Dividend increases are great. But, the question then is whether they are sustainable over the long term. RHI's dividend payout ratios have hovered in the 30s for the last 7 years. The dividend to free cash flow ratio has been below 30% for the last 4 years.
These ratios seem to suggest that the dividend payouts have been quite sustainable, leaving enough cash for the company to reinvest and grow its business. There is a good chance of future growth in dividends if such conservative payout ratios can be maintained.
RHI's business model is closely linked with the health of the overall economy. The US economy is currently going very strong and there are no indications of any disruptions. The treasury yield curves keep hinting towards an impending recession, but so far the economy has been doing well and there are more job openings than the number of hires since 2015.
RHI also has a good reputation in the industry. Forbes magazine has listed the company as one of the Most Admired Companies for 21 consecutive years. The company has several other awards and recognitions to its name. A good brand name and reputation will aid the company in its future.
RHI has a very small presence in the Asian region. The Asia-Pacific region is a high-growth region in terms of growing economies and staffing requirements. The company, therefore, has an opportunity to increase and sustain its growth through such promising markets.
The staffing services industry is a highly competitive one. The primary reason for this industry characteristic is the fact that the entry barriers are very low. Competitors with greater resources can enter this industry at any time and increase competitive intensity.
Additionally, at least in the case of RHI, there are very few long-term contracts. Therefore, there is no guarantee that the revenues flowing in today will also continue to do so in the future.
Human resources are very much dependent on the overall sentiment in the economy. During weaker economic periods, the staffing needs of companies (RHI's clients) tend to go down. This trend is quite evident in the company's sales chart in which clear dips in revenues can be observed in 2002-2003 (post the tech bubble) and 2009-2010 (post the GFC). Therefore, investors must remember that RHI's business will be sensitive to the overall health of the US and the global economy.
source: Investor Presentation
Robert Half International owns a subsidiary named Protiviti. The subsidiary's business is mainly in the audit and regulatory compliance service segments. Any legislative developments which remove regulations (for e.g. provisions of Sarbanes-Oxley) can negatively affect the business of the company.
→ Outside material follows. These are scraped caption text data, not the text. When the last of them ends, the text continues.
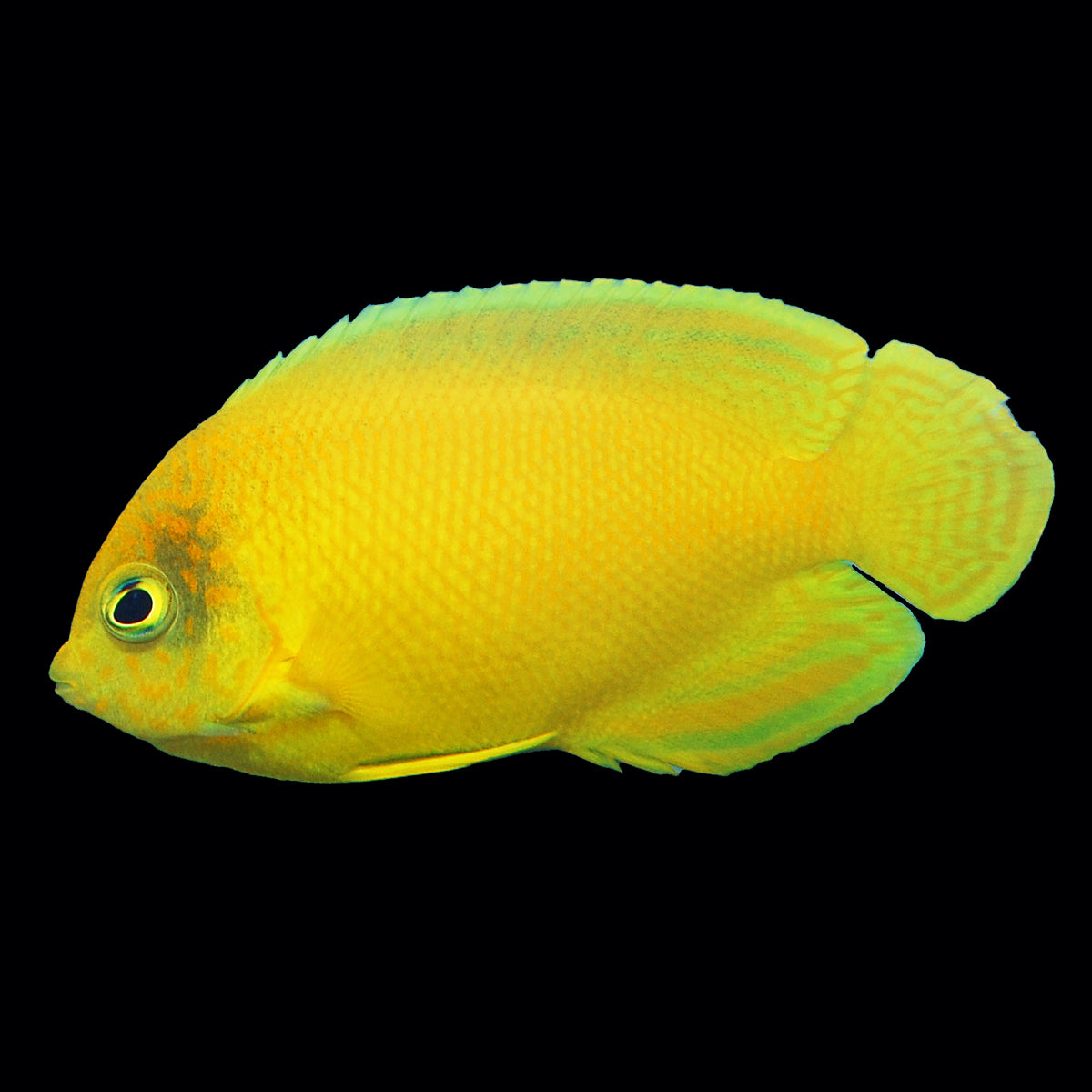 Yellow Heraldi Angelfish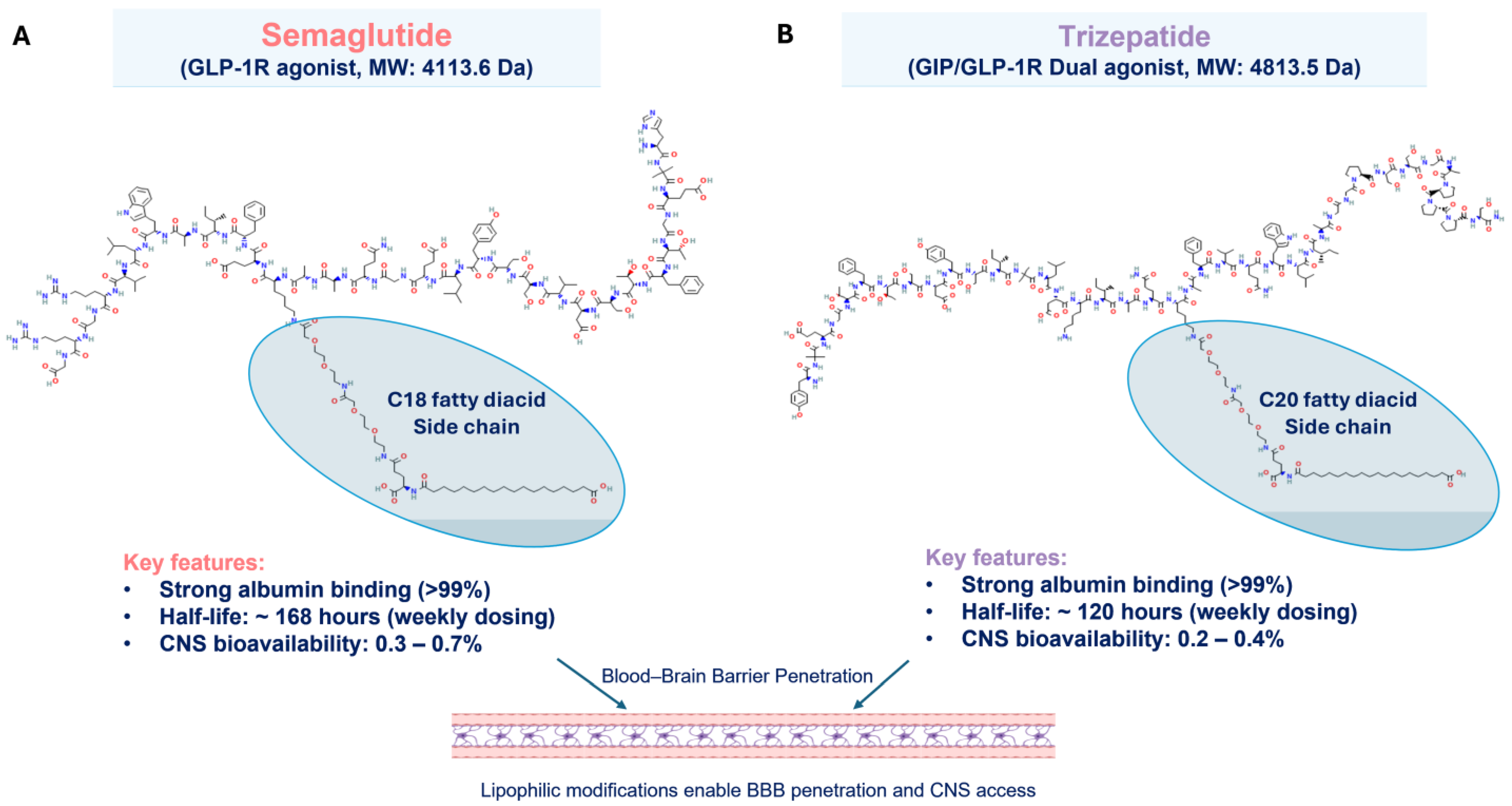 Biomedicines 13 01049 g001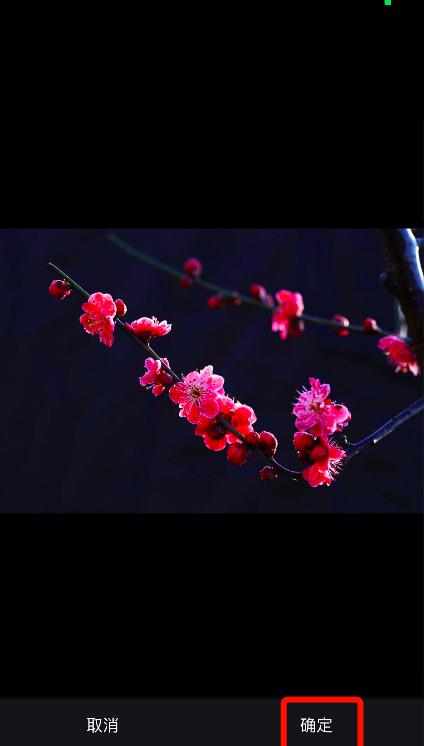 在家怎么拍出好看的照片修图,照片修图调画教程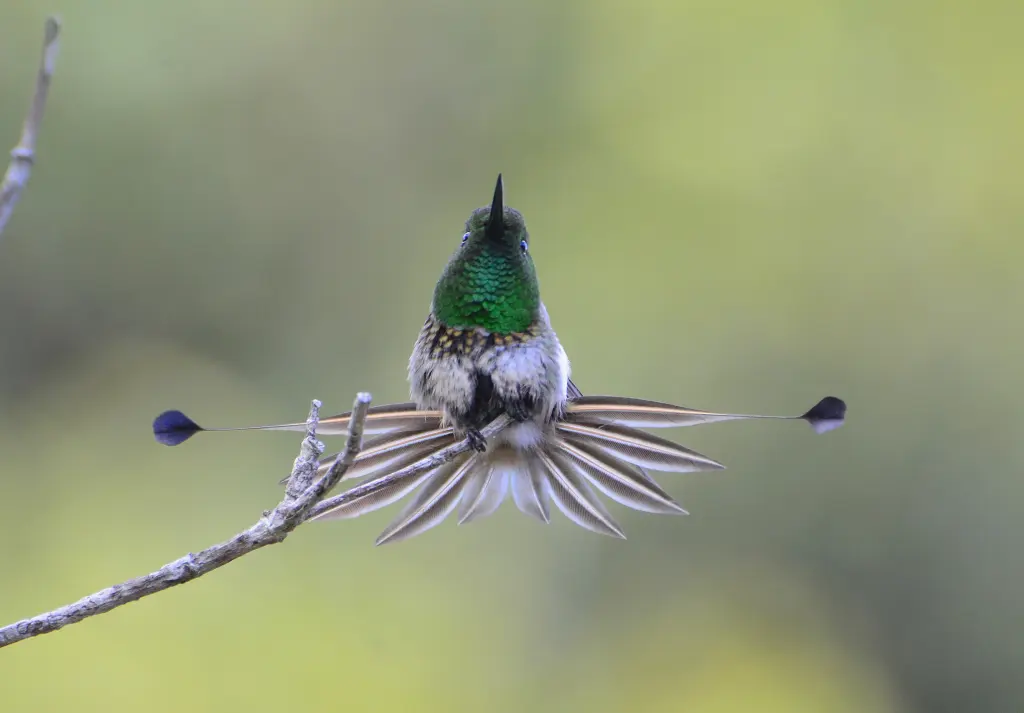 扇尾蜂鸟(Discosura longicaudus)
RHI has an economy-dependent business model. However, what stands out is the fact that the business has bounced back after every major recession only to scale newer heights. Sales growth has been steady while margins have remained quite stable over the longer term.
The company management seems quite shareholder-friendly as it has made increasing dividend payouts for 16 years running. The dividend payout ratio is also quite conservative at around the 30% mark. The management has also conducted a strong share repurchase program, which has significantly reduced the number of shares while boosting the earnings per share.
Valuation-wise, the company looks fairly priced. Most valuation ratios are below the 5 and 10-year averages. The dividend yield has also gone up over the last 18 months, suggesting that this could be a buy-at-the-dips kind of an opportunity to enter the stock.